About this task - Find the line containing "2022 BMW X7" in the listing below. Repeat it exactly, along with each following line up to and including the one containing "Opel Vectra 1996".

--- Data extract Enclosed Below ---

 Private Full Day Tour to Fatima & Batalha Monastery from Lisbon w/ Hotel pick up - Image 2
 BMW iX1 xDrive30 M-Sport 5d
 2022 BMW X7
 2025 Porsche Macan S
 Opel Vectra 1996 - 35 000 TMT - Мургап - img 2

--- End of Enclosed Data extract ---
--- Data extract Enclosed Below ---

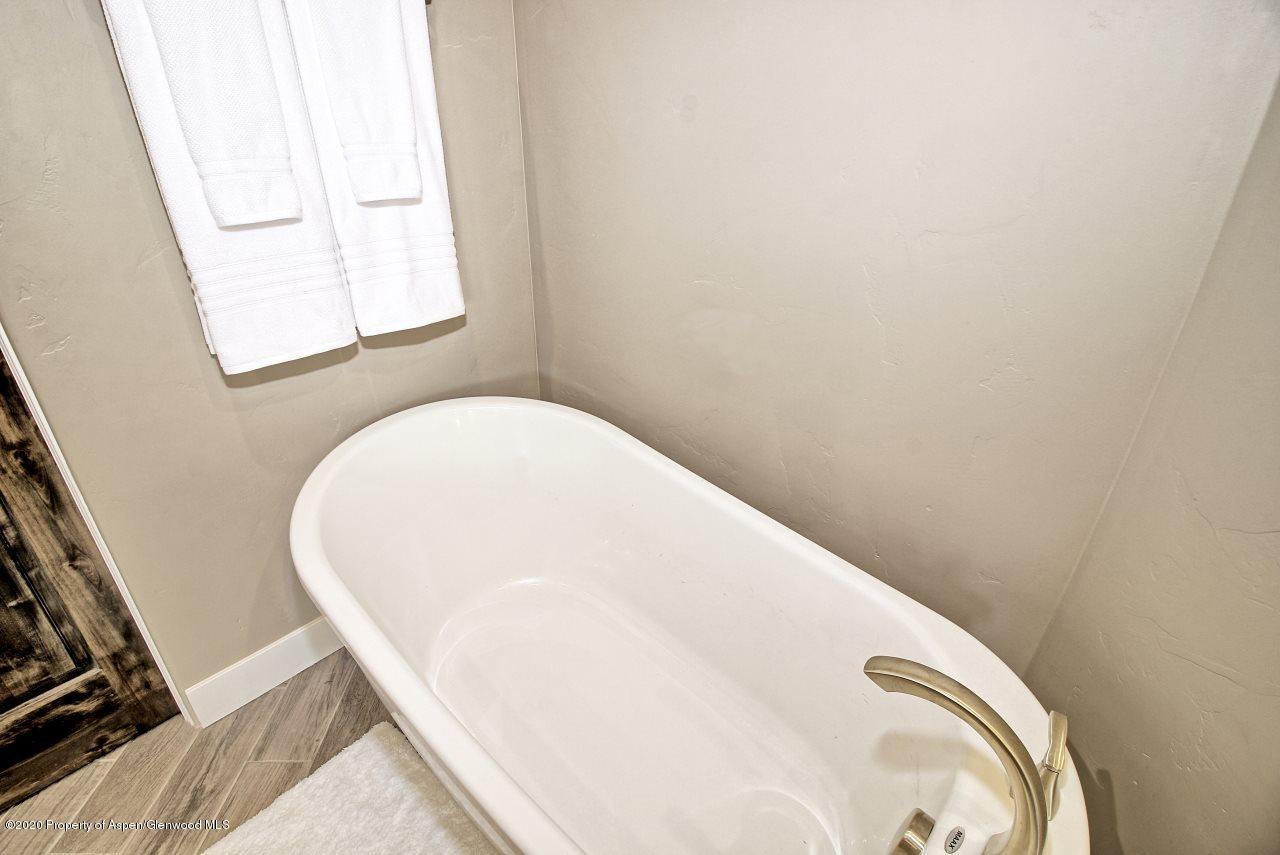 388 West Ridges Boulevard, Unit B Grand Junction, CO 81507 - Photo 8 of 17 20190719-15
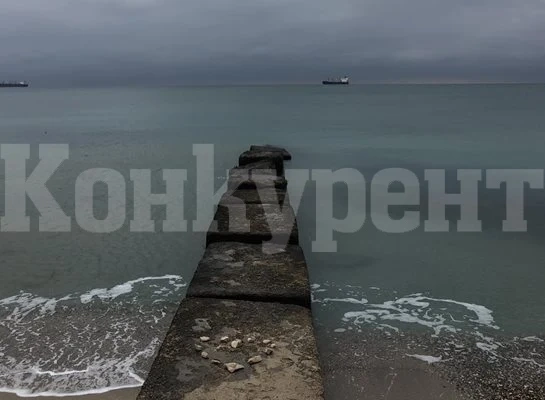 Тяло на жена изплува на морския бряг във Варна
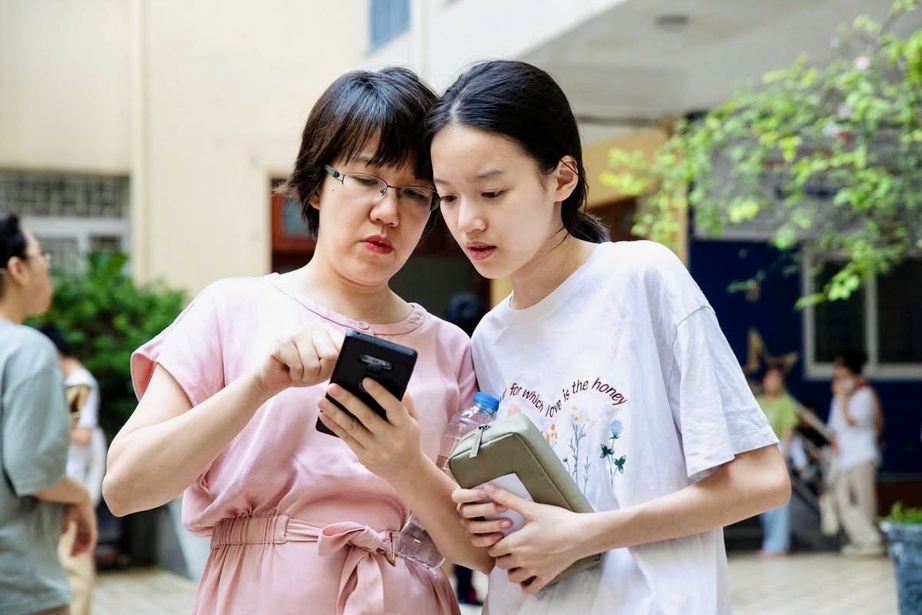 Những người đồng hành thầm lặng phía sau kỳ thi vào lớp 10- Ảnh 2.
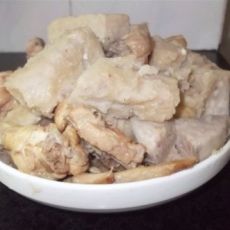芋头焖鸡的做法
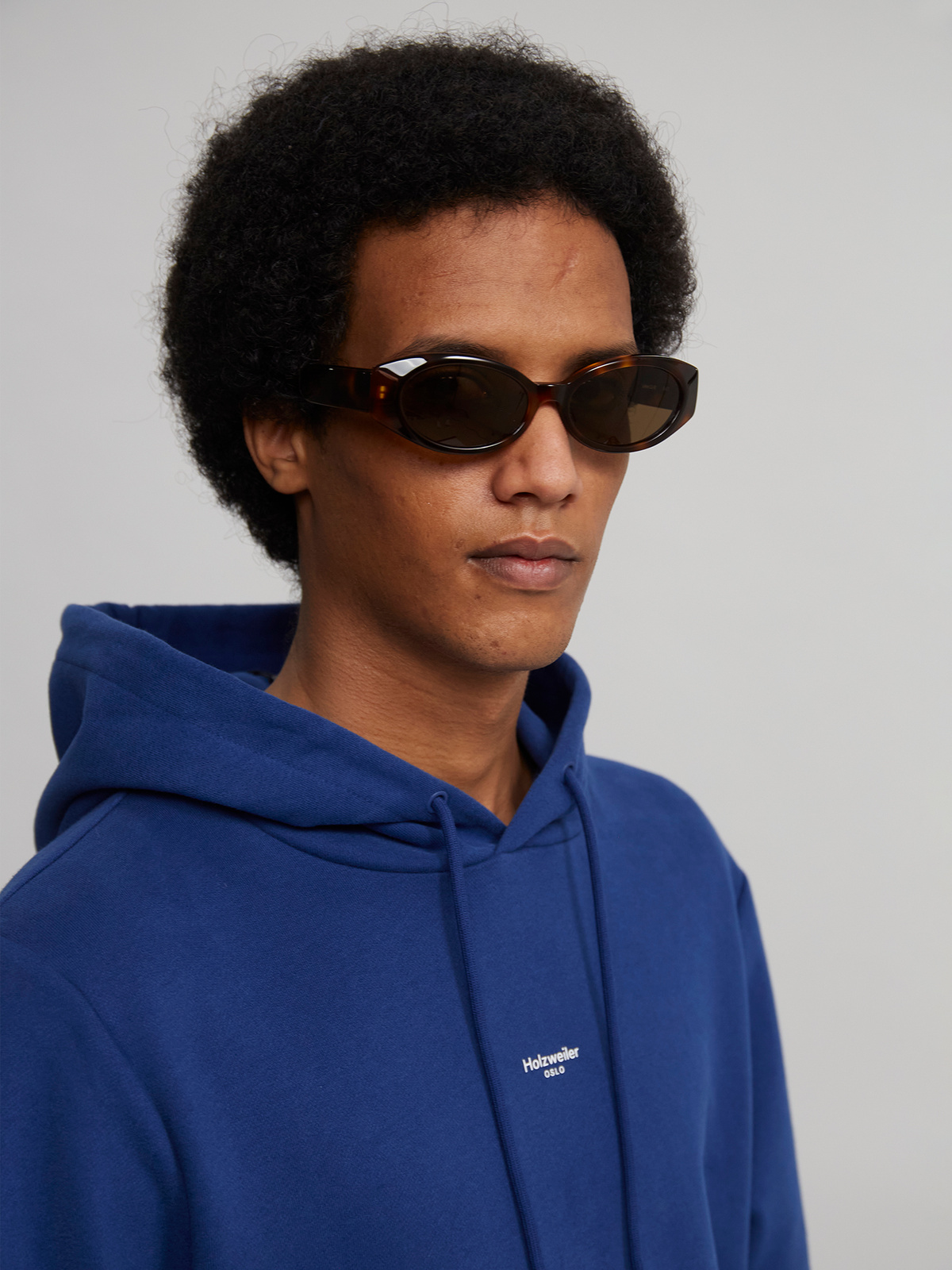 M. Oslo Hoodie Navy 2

--- End of Enclosed Data extract ---

Reply to the exercise -
 2022 BMW X7
 2025 Porsche Macan S
 Opel Vectra 1996 - 35 000 TMT - Мургап - img 2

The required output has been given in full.